Ever since I announced the 'hitch plan' to friends and family, I've been receiving a lot of sound advice. Most of them funny, owing (OFCOURSE) to my inexperience but all of them effective (it seems) coming from dear friends who seem to have 'cracked the code'.

1. Do not make faces in wedding photographs.
Looking back you'll regret the fact that you don’t have a single photo (where both of you do not look like baby chimps on helium) that your parents can display at home

2. Always opt to go away on a honeymoon
It is NOT a cheesy thing to do. Apparently it helps in bond building and not the same as going away on illegal vacations together when you were single. Oh, and treks, rock climbing do not count.

3. Egg on Face
Beat egg whites into stiff peaks. Smear on face. Place face in oven for 15 min and bake at 100 deg. (hehehe...) But truly, egg whites smeared everyday, help to tighten skin and improve skin tone. Nepali women do this for a year before their wedding and that’s the secret of their glowing complexion.

4. First non-mover advantage
If you DONT do the things that you would normally do (like make tea and walk the dog), during the first few months of getting married, your significant other will do it out of courtesy for you. Apparently men are in the 'mode to please' which comes with an expiry period of 6 months. Make most use of this time to get them to do what you hate doing yourself.

5. Dress rehearsal
Once your clothes are ready, pick a day where you think you look your best. Put on some make up that you would on your wedding day and ask a professional photographer to take some nice photos of you in it. This you can slyly pass off as Beautiful Bride photographs, if all you have are Helium Chimp smiles and Fish eye (very likely in my case) Bride pictures.

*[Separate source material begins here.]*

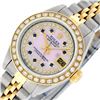 Image 2 : Rolex Ladies 2 Tone MOP Sapphire String Diamond Datejust Wristwatch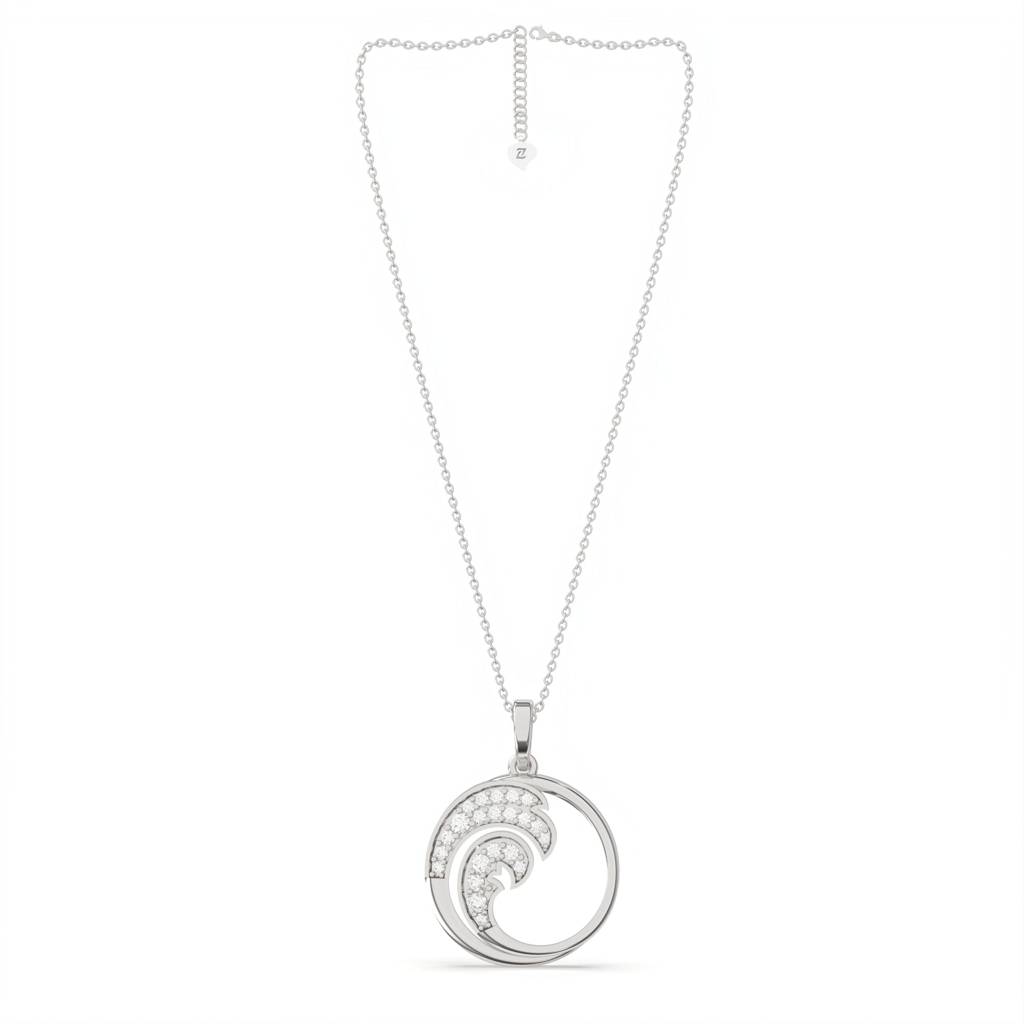 Silver Cubic Zircon Crystal Wave Pendant : ZLP-1093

6. Art direct your wedding
Colour co-ordinate the decorations on the mandap/ stage with your wedding outfit. Visualizations skills will help at this point in time. If you lack them, it is better to get an art director friend to help you out. Other wise, you might have a minor mishap on your hands, where if not executed properly, you might end up looking like part of the decor. It is not important to color co-ordinate the groom.

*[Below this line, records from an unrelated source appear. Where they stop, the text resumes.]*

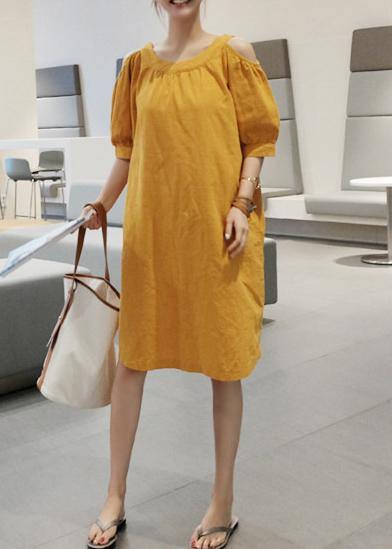 Women o neck pockets cotton linen summer dress Inspiration yellow Dresses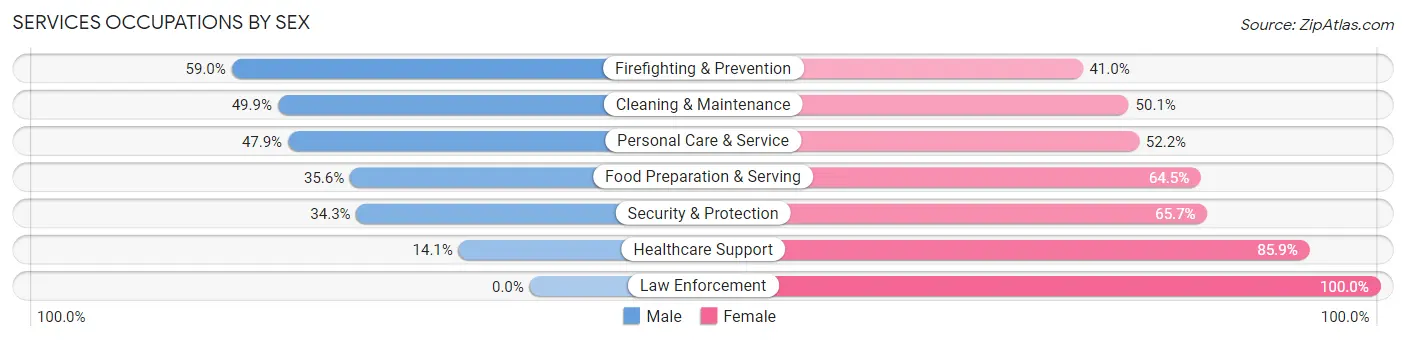 Services Occupations by Sex in Zip Code 49048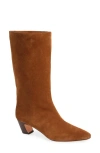 Loeffler Randall Cleo Suede Mid Boots In Cacao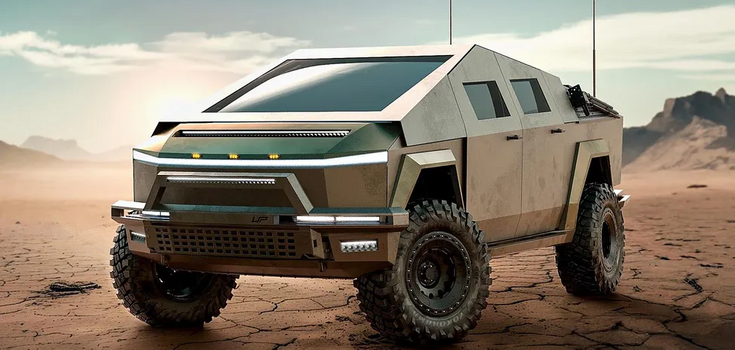 Tesla Cybertruck turned into APC: it can survive even a war with robots. Photo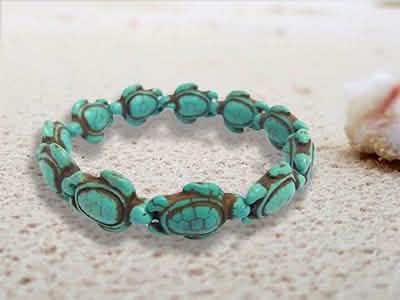 Handmade Turquoise Hawaiian Sea Turtles Bracelet - Turquoise - Hawaiian Flair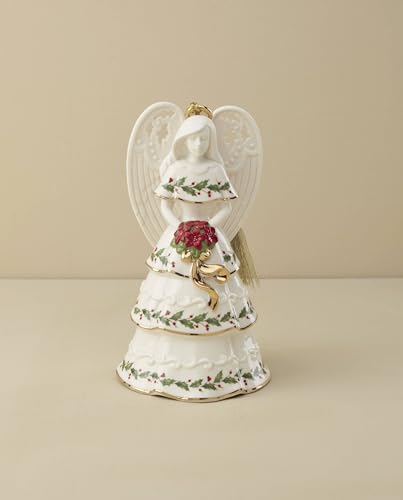 Lenox 895778 Holiday Angel Bell Holding Bouquet Ornament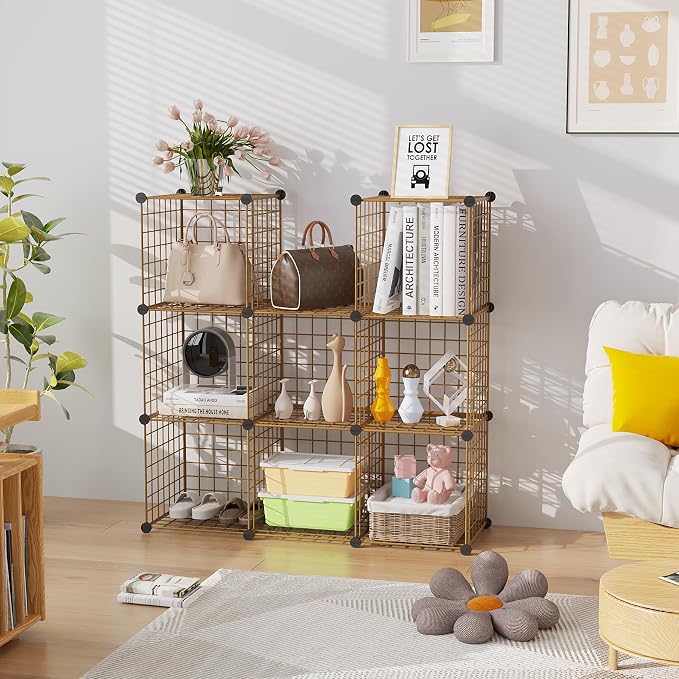 C&AHOME Wire Cube Storage, 9 - Cube Organizer Metal C Grids,Shelves, Brown | Modular Shelves Units, Closet Organizer, Storage Bins Shelving, Ideal for Home, Office, Living Room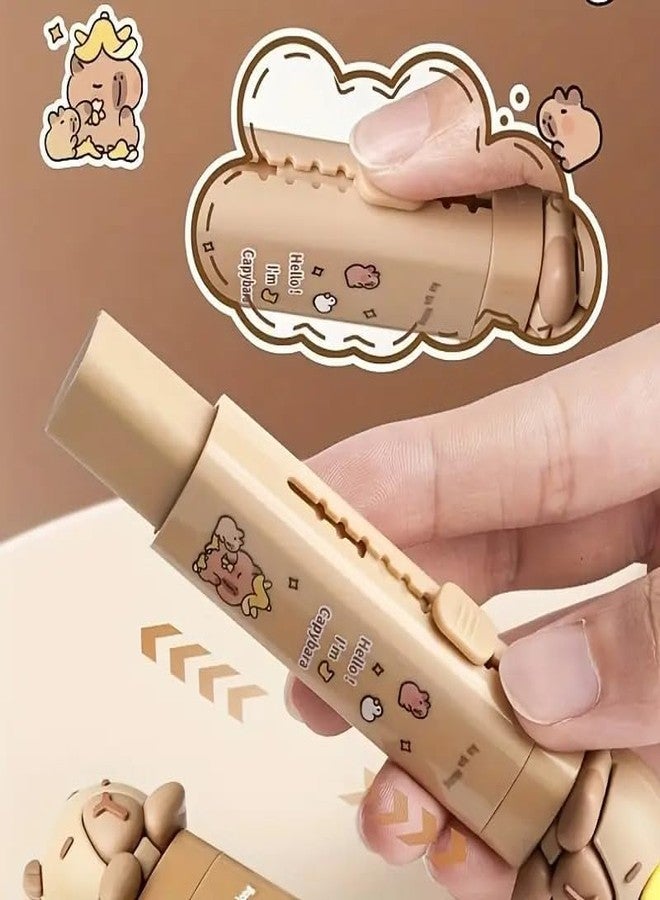 Funspark Cartoon Shaped Cute Erasers Push Pull Design Retractable Erasers Pastel Aesthetic Pencil Eraser Cute Rubber for Kids Students School Office Stationery - Image 5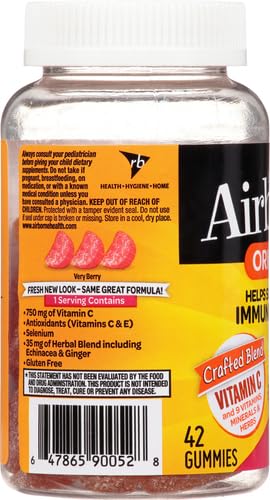 Airborne 750mg Vitamin C Gummies For Adults, Immune Support Supplement with Powerful Antioxidants Vitamins C & E - 42 Gummies, Very Berry Flavor Nirvana Guru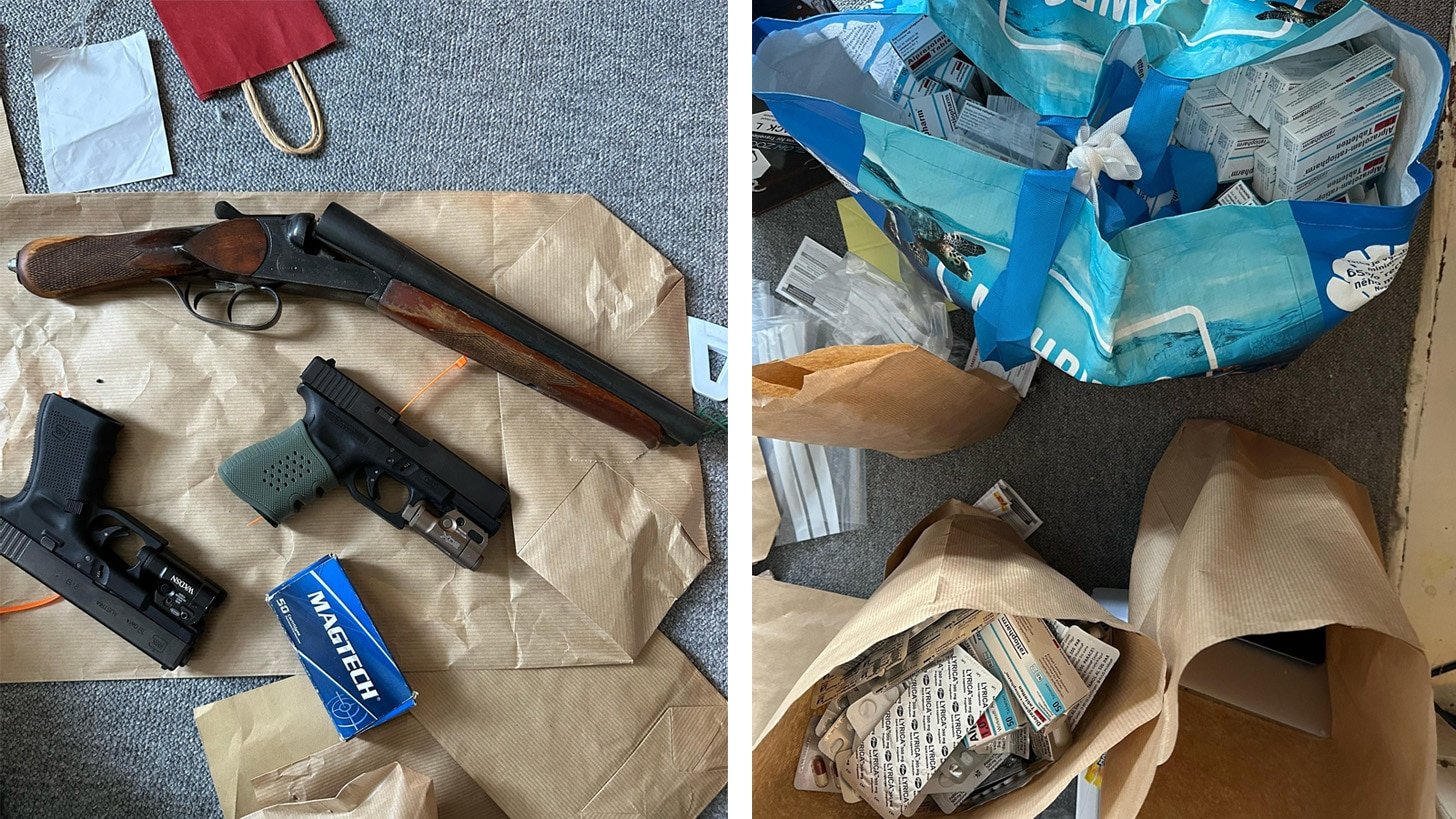 Polizei findet Tausende Tabletten, Schrotflinte und Messer in Wohnung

7. Your money is your money. His money is your money too
No prizes for guessing that this could only come from The Mother. Good advice which I intend to fully execute.

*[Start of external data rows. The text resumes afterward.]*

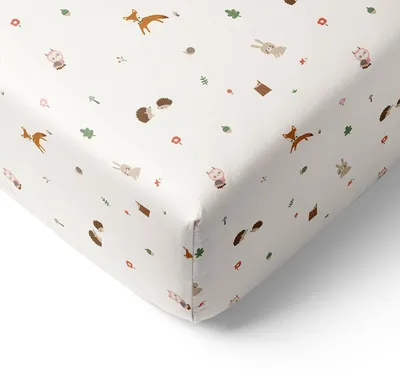 Produktbild von Petite Amélie Spannbettlaken Woodland - 70 x 140 cm | Off-White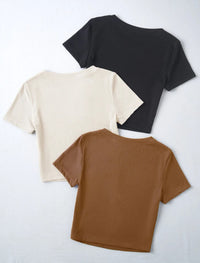 3x Pack Solid Rib-knit Tee (White, Beige, Black)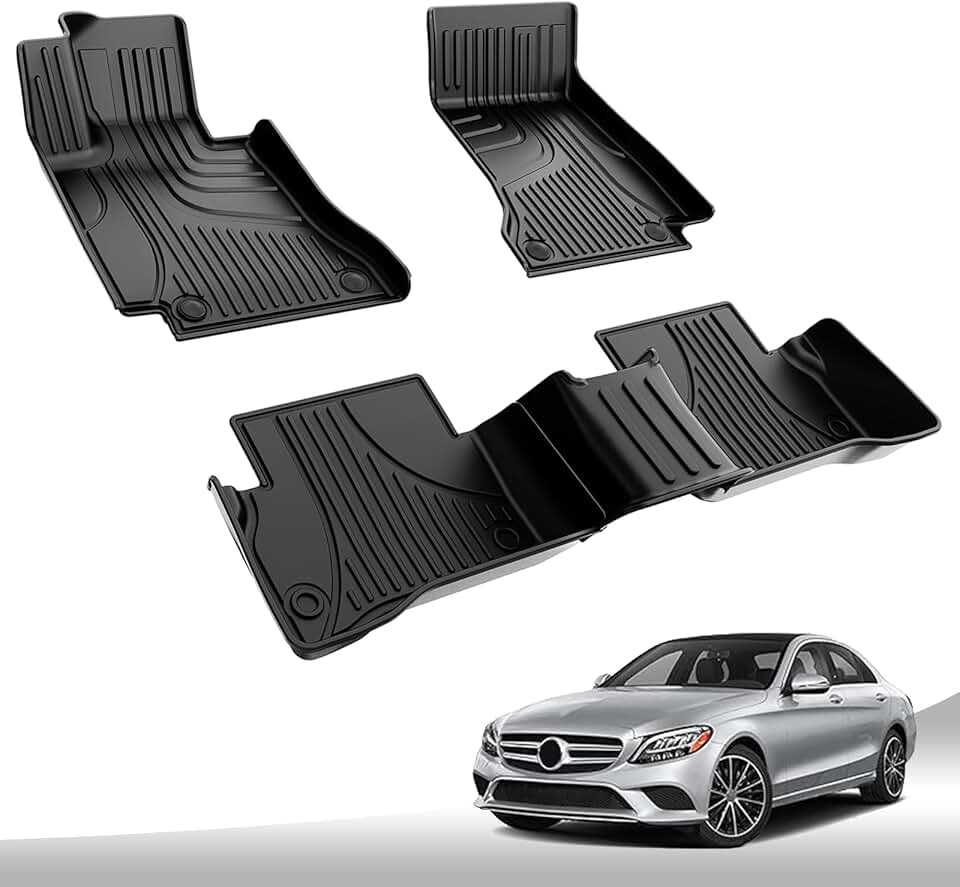Floor Mats for Mercedes-Benz C300 2015-2021: AOMSAZTO All Weather Floor Mats for Mercedes Benz C Class Sedan Only 1st and 2nd Row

And last (which also happens to be my favorite)

8. Be kind to each other
Shit happens. All the time. Dog poop included. It’s important to have a kind word to say to each other at the end of the day.

Waiting for more good advice. They really help brighten up my day.

1 Comments:

Blogger arundati said...

dear deena....good stuff.....funny and very deja vu!! spent from 11.00 am to 4.00 pm 'art directing' my reception, ran home, got dressed to play the helium filled chimp...all said and done, its a story thats brought back fond memories and the marriage still rocks!!